Sands, Carl. “World of Music” (23 Feb 1935)

edit
  • Workers Music School, Division of Workers School, affiliated with the Workers' Music League
    • fundraising concert – a full house
    • program: “selected from the works of contemporary revolutionary composers who are members of the Composers Collective of New York City.”
      • “Mordecai Baumann sang some of the Negro songs of protest, collected by Lawrence Gellert, with piano accompaniments arranged by L. E. Swift. Swift played his ‘Theme and Variations’ for pianoforte.” (Swift is Siegmeister)
      • also, Handel sonata and two Russian piano pieces played by Ashley Pettis
  • best pieces by the “New Singers under the leadership of Lan Adomian.”
    • A “remarkable reinforcement of the music front in New York”
      • the singers “all have trained voices and read music notation.”
      • “Their performance is marked by a fine, clear tone-quality of great power, and a rhythmic precision and general musicianship nearly equal to the best bourgeois organizations of the madrigal and a capella type in New York today.”
  • what is the difference between “revolutionary” or “proletarian” music and bourgeois music?
    • I've offered an attempt at explaining; but consider something else:
    • you can see it in the audience: “it sits at absolute attention.
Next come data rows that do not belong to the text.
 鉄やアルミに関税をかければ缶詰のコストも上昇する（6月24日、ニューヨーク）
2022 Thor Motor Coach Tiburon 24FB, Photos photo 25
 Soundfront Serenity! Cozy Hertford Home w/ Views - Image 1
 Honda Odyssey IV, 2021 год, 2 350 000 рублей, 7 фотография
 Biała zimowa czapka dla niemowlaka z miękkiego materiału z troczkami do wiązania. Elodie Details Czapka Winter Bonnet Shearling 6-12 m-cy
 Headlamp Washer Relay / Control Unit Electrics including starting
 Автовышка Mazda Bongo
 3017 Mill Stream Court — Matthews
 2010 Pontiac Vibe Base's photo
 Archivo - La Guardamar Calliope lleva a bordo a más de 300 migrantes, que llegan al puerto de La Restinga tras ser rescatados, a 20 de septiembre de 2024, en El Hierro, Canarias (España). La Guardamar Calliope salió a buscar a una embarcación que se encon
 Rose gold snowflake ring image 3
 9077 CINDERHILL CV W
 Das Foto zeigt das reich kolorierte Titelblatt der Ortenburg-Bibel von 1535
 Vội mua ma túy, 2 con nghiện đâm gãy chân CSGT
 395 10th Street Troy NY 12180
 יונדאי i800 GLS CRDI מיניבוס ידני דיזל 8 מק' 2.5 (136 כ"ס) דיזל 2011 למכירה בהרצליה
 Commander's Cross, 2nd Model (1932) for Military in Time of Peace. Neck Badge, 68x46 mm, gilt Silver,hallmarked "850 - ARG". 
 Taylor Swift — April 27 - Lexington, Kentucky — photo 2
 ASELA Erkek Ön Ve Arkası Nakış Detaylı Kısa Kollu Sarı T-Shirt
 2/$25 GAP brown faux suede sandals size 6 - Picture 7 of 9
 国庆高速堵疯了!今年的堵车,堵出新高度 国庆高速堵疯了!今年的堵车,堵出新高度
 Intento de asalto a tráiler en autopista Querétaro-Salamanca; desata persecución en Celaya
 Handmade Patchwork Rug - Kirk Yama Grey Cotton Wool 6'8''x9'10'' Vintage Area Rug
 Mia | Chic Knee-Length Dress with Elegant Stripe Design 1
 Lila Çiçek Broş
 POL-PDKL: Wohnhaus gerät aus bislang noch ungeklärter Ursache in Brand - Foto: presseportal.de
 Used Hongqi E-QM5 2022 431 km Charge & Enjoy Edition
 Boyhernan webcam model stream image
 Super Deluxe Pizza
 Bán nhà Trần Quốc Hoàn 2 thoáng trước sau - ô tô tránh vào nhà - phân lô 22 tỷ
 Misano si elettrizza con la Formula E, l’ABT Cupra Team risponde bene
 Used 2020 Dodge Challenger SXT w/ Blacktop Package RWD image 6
No rustling of programs, shifting in seats, talking or writing of notes back and forth. The applause seems unusually spontaneous – but then, the audience is acclaiming its own and might, conceivably, be partisan and deliberately ignoring faults. But when member after member of the audience says without there being any suspicion of premeditation, and with a kind of delighted surprise, that this music sounds unlike ordinary music, that it has an unaccountable freshness, a power, a capacity, one turns again to examine the scores to see what technical means there may be to bring about such a result.”
  • “These young composers … are all trained in the best traditions of bourgeois music – that very music that we so often accused of dying along with the decaying capitalist class for which it is predominantly made.”
    • “But their music does not sound like the music of bourgeois composers.”
      • “Although they represent most varied temperaments and express varieties of stylistic and technical developments, their works hang together with a consistency that seems difficult to analyse.”
      • “With some exceptions, omitted from Sunday's program, they show a common avoidance of melancholy and defeatist moods, musical day-dreaming and fanciful castle-building.”
      • “But one is not struck so much by the presence of these qualities as by a positive purity and restraint which dominates alike the sobriety, the lyricism, or the gayety of the various numbers.”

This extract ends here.